We investigate all kinds of human rights abuses against children: the use of children as soldiers; the worst forms of child labor; torture of children by police; police violence against street children; conditions in correctional institutions and orphanages; corporal punishment in schools; mistreatment of refugee and migrant children; trafficking of children for labor and prostitution; discrimination in education because of race, gender, sexual orientation, or HIV/AIDS; and sexual violence against girls and boys.

Children's physical and intellectual immaturity makes them particularly vulnerable to human rights violations. Their ill-treatment calls for special attention because, for the most part, children cannot speak for themselves: their opinions are seldom taken into account and they can only rarely form their own organizations to work for change. Humanitarian groups that work for children largely concentrate on survival and development; if they openly criticize governments for abusing children they run the risk of having their programs closed. Our work to protect children and raise awareness around the world about the violence and discrimination experienced by children is essential.

The Children's Rights Division examines children's rights abuses in every part of the world; we send fact-finding missions to countries where abuses are occurring-interviewing child victims, parents, human rights activists, lawyers, child care workers, government officials, and others, working closely with local human rights groups to identify specific abuses and strategies for change. We then write objective, factual reports and present them to governments, international organizations (such as the United Nations, the European Union, the Organization of American States, and the African Union), non-governmental organizations, policy makers, and the media. We devise campaigns and work in coalition with local and international groups to expose abuses of children's rights and to put a stop to them.

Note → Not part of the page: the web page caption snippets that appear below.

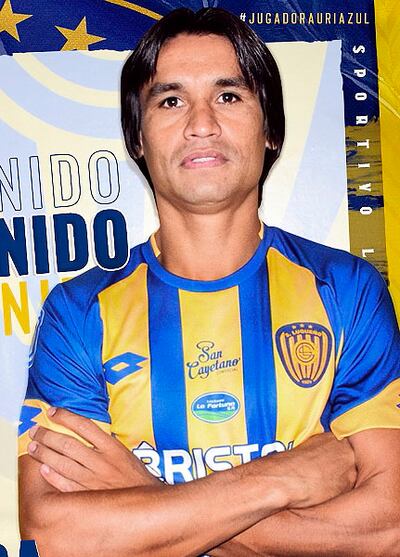 Aldo Aníbal Vera Grance, volante central de 33 años.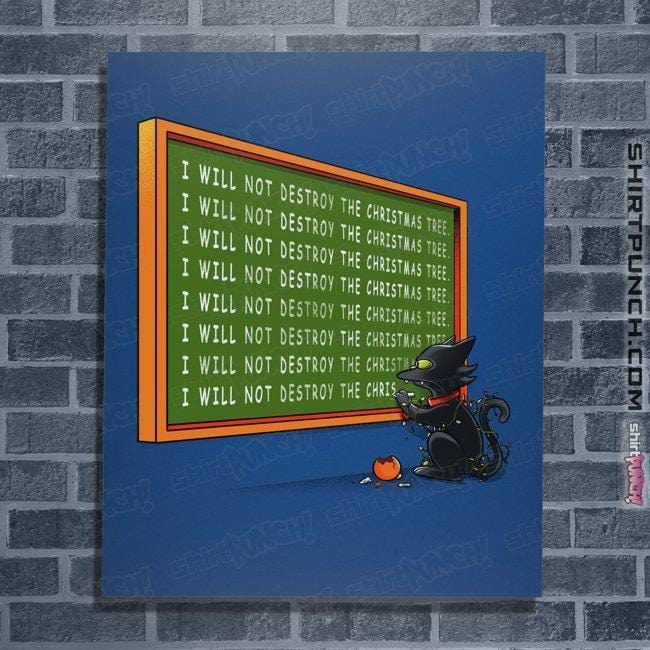 Daily_Deal_Shirts Posters / 4"x6" / Royal Blue I Will Not Destroy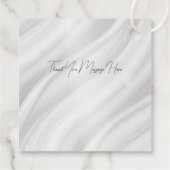 Étiquettes Cadeau Robe violette argentée Princesse Quinceañera (Dos)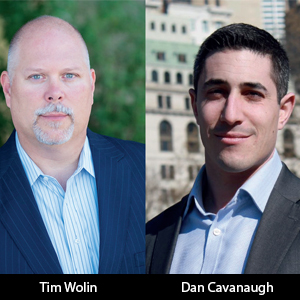 Tim Wolin, Founder and Dan Cavanaugh, CEO and President, Wolin Design Group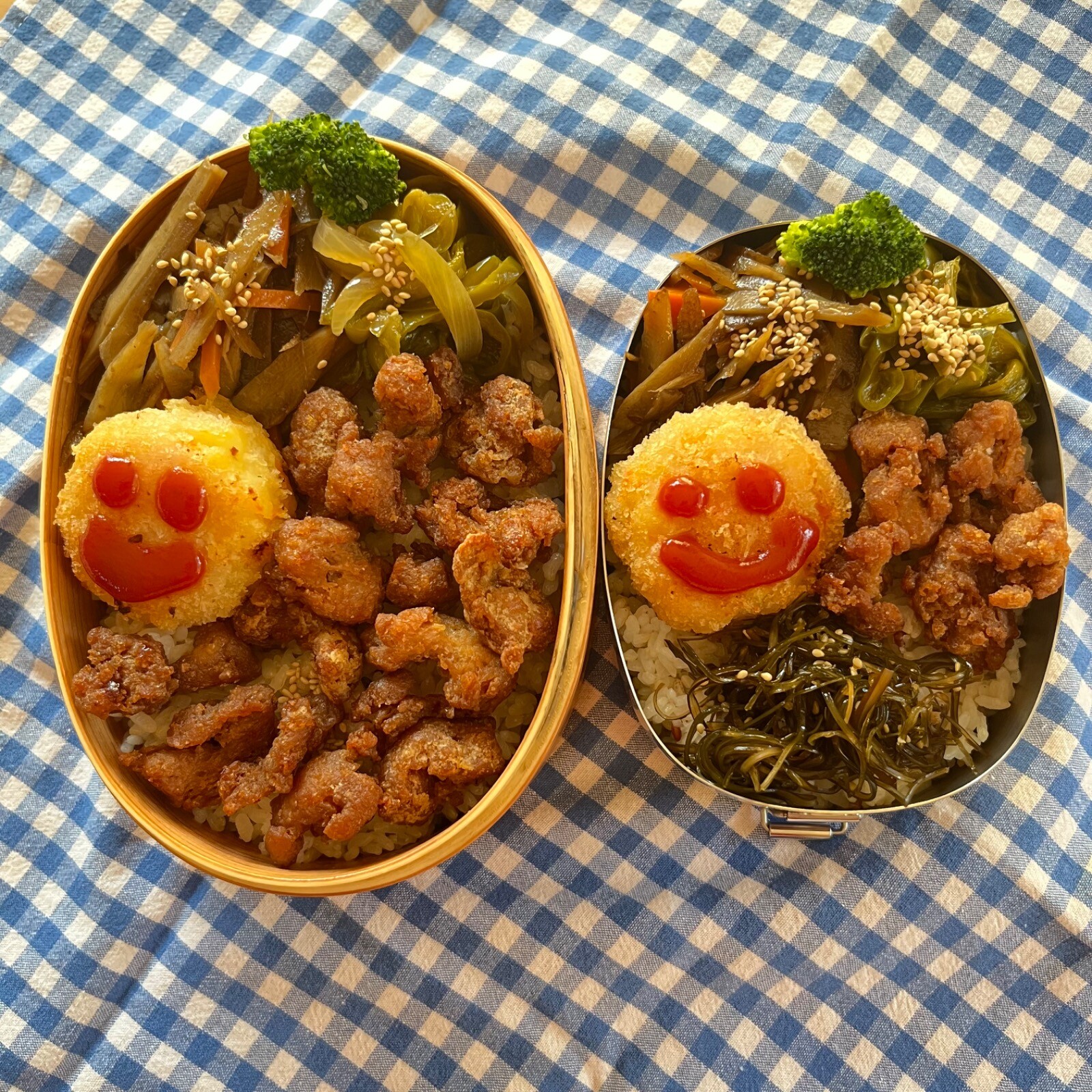 中ぼー息子と夫ののっけ弁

We have looked at such questions as child soldiers in Burma, Colombia, Liberia, and Uganda; child farmworkers in Egypt, Ecuador, El Salvador, and the United States; ill-treatment in orphanages in China, Romania, and Russia; violence against school children in Kenya and South Africa, brutality in correctional institutions in Jamaica, Pakistan, and the United States; discrimination against kids affected by HIV/AIDS in Kenya and India; and police violence against street children in seven countries on four continents.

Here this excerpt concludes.